Last night I voted in a tiny minority (29 versus 515) against the Windsor Framework, the Government’s new plan to settle the unfinished business of Brexit, the Northern Ireland Protocol. I did so with a heavy heart, as the Prime Minister has negotiated some real improvements to the Protocol. I know the whole country, and the Conservative Party in particular, wants to see a united Government put Brexit behind us and move on to the people’s priorities, such as inflation, crime, waiting lists, and illegal migration. The immediate politics of what I did is regrettable; but I believe it was the right thing to do, because the improvements to the Protocol come at too high a price.
The Windsor Framework effectively trades the paramountcy of UK law in Northern Ireland for some limited ‘easements’ in trade flows within the borders of our own country. Seed potatoes can once again travel from GB to NI, and many other businesses sending goods across the Irish Sea for domestic consumption will no longer have to fill in complicated customs forms, because HMRC will do the paperwork (and send it to the EU) for them. In exchange, the status of Northern Ireland, guaranteed in the Acts of Union of 1800 which states that the whole of the UK shall be a single customs area under a single sovereign jurisdiction, is compromised.

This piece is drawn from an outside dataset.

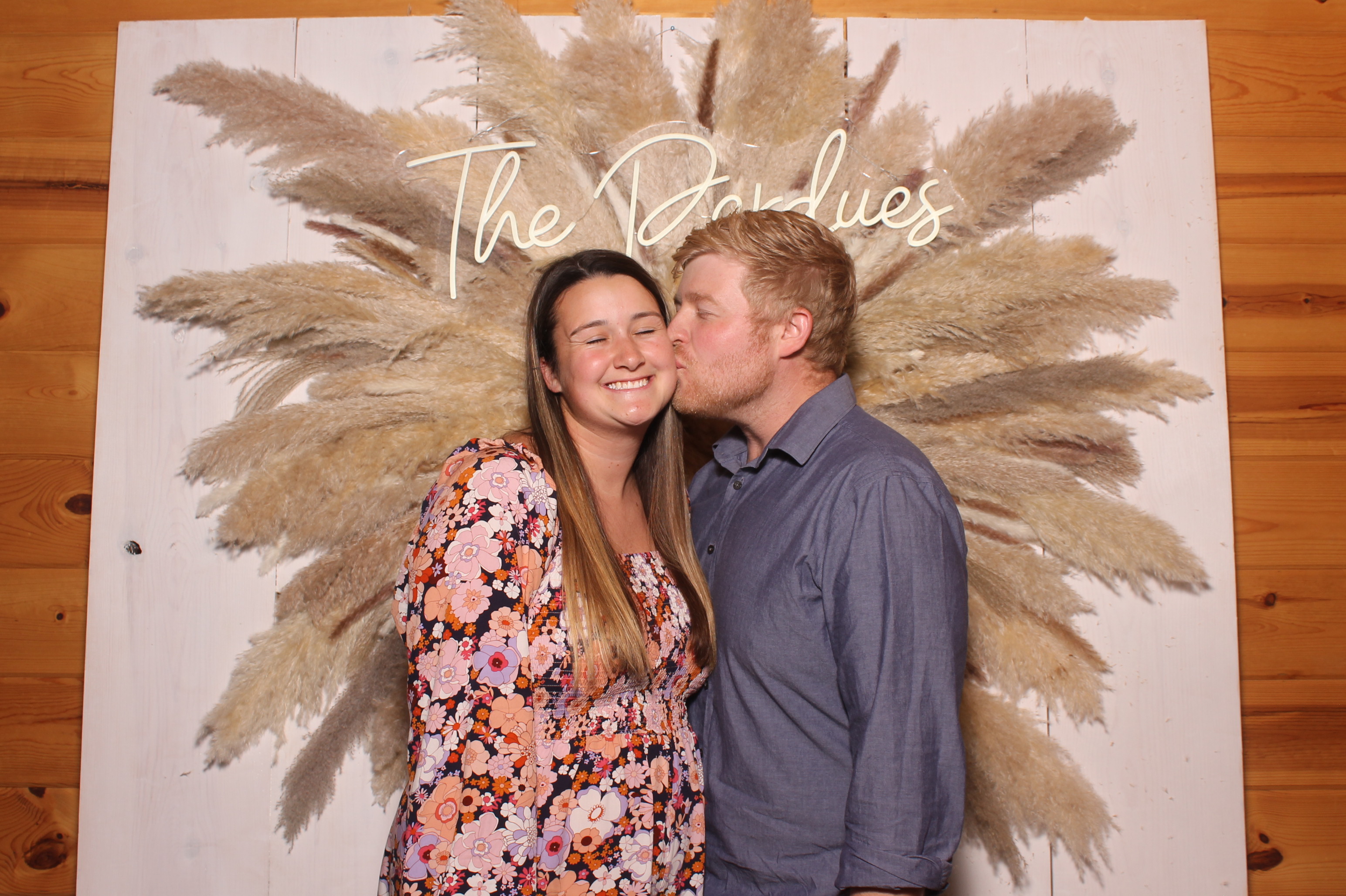 Hunter & Allie  | View more photos from the event at gallery.photoboothcincy.com/u/PhotoBoothCincy/Hunter-Allie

To put it facetiously, we are selling the birthright of Northern Ireland for a mess of potatoage.
The Protocol was bad enough, but it was always understood to be temporary. The Windsor Framework, which does not repeal the Protocol but only amends it, alleviates some of the problems of internal UK trade. But it effectively locks us into an arrangement which is incompatible with the EU Withdrawal Agreement Act (Section 38: ‘the Parliament of the United Kingdom is sovereign’), with the Acts of Union, and indeed with the Belfast (Good Friday) Agreement by which political arrangements in Northern Ireland depend on the consent of both communities. For all these reasons I fear that our battles with the EU are not over, and the restoration of devolved government in Northern Ireland is as far away as ever.
We had an alternative, which was the Northern Ireland Protocol Bill, recently passed by the House of Commons and currently in limbo, pending its abandonment by the Government as the price of the Windsor agreement with the EU. This would have asserted the supremacy of UK law in Northern Ireland and allowed businesses which wished to trade with the EU to operate under EU law. Our European partners did not approve of this approach, and it would have made life difficult for the Prime Minister in his negotiations on other vital matters like Ukraine and the small boats - so I understand his willingness to drop the Bill. But it would have enabled a permanent settlement in Northern Ireland that actually worked in the long term.
Anyway - here we are. It’s very uncomfortable to be out of step with your Party. Overall I am full of admiration for the PM, for his integrity, industry and leadership. I hope he (and the other 514 MPs who backed him) is right about the Windsor Framework, and I and the other 28 dissenters are wrong.